Jak powiedział, "działanie, z którym mamy teraz do czynienia, jest upomnieniem w stosunku do nas jako nielojalnych członków pewnego rodzaju grupy, z której korzystaliśmy, ale jej zasad nie chcemy przestrzegać". - Wydaje mi się, że to jest ostatnia szansa, żeby polski rząd się opamiętał, ponieważ to naprawdę może się skończyć bardzo źle, włącznie z wyjściem z Unii Europejskiej - ocenił.
Profesor Matczak stwierdził, że "rząd i jego zwolennicy nie pałają miłością do Unii Europejskiej". - Unia Europejska - dopóki daje pieniądze - jest w porządku, natomiast w momencie, kiedy żąda jakiegoś rodzaju przestrzegania wspólnych wartości, już nie jest w porządku - mówił.
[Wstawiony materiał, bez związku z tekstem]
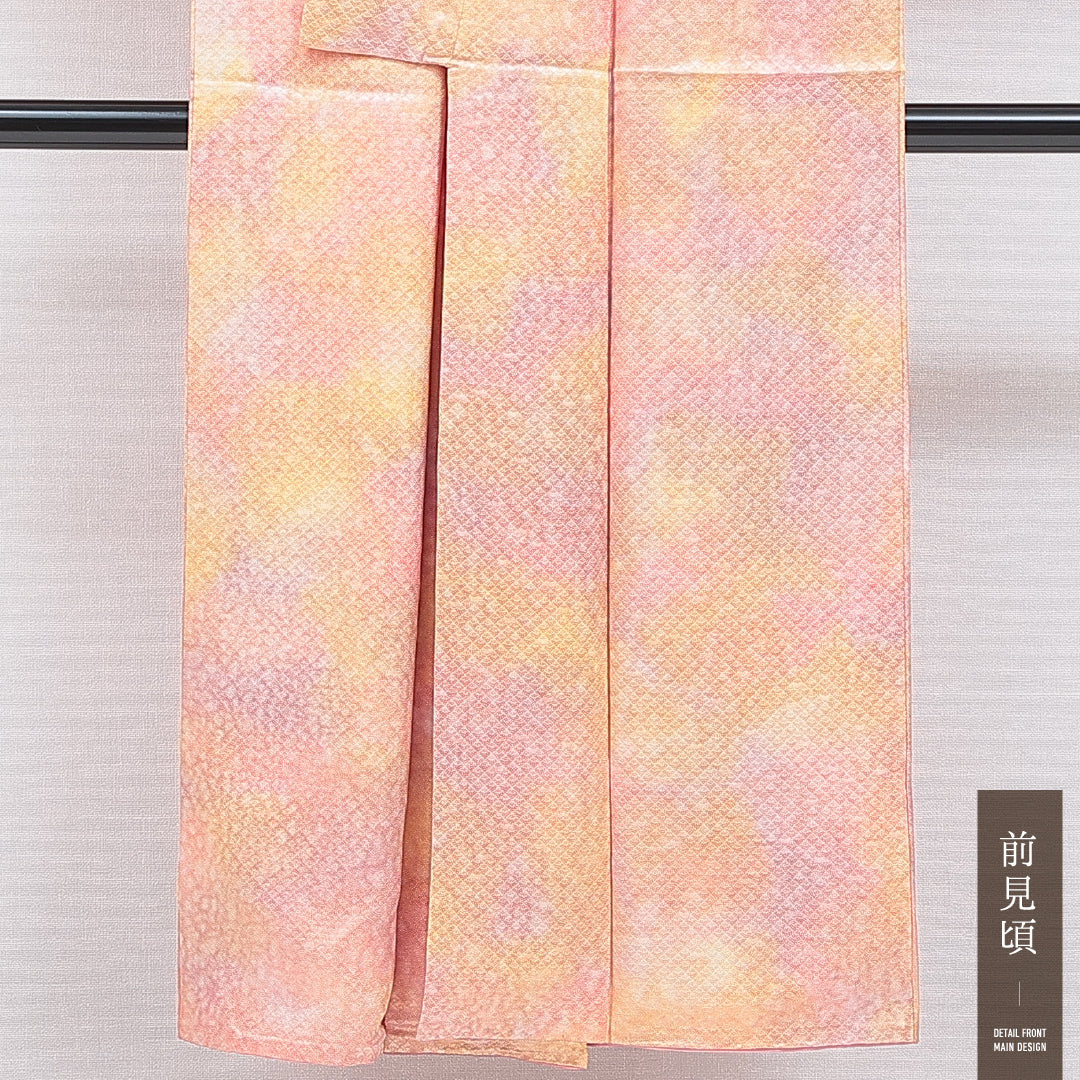 小紋 袷 身丈147cm 裄丈62cm 正絹 Aランク 紋意匠 (幾何学) インフォーマル 広衿 XSサイズ 織り出し 黄系 RP 1221-15946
- Ja się niestety obawiam, że jeżeli ta procedura będzie kontynuowana, jeżeli my będziemy postępowali tak arogancko, jak postępujemy, to spowodujemy, że ci Polacy, którzy popierają Unię Europejską, przestaną ją popierać, chociażby ze względu na propagandę antyeuropejską, która jest prowadzona. I my wyjdziemy z Unii Europejskiej albo nas z niej wyrzucą. A z Unii Europejskiej, która jest na zachód od nas, droga jest tylko jedna - na wschód w kierunku Rosji. To Unia Europejska jest gwarantem pokoju w Europie i naszego bezpieczeństwa - podsumował.
Decyzja Komisji Europejskiej
Art. 7.1 unijnego traktatu mówi, że na uzasadniony wniosek jednej trzeciej państw członkowskich, Parlamentu Europejskiego lub Komisji Europejskiej, Rada UE (którą tworzą przedstawiciele wszystkich państw członkowskich) większością czterech piątych, po uzyskaniu zgody PE, może stwierdzić istnienie wyraźnego ryzyka poważnego naruszenia przez kraj członkowski wartości unijnych.
W kolejnych ustępach tego artykułu, opisane są następne etapy postępowania, którego efektem może być nałożenie sankcji na dane państwo, w tym w postaci zawieszenia prawa do głosowania na forum UE. Nałożenie sankcji wymaga jednak jednomyślności unijnych państw.
Co istotne, "jednomyślność" oznacza nie tylko głosy "za", ale też te, wstrzymujące się od poparcia takiego wniosku. Tylko wyraźny sprzeciw jednego z państw nie pozwala na nałożenie sankcji.
Państwo będące przedmiotem postępowania nie bierze udziału w głosowaniu.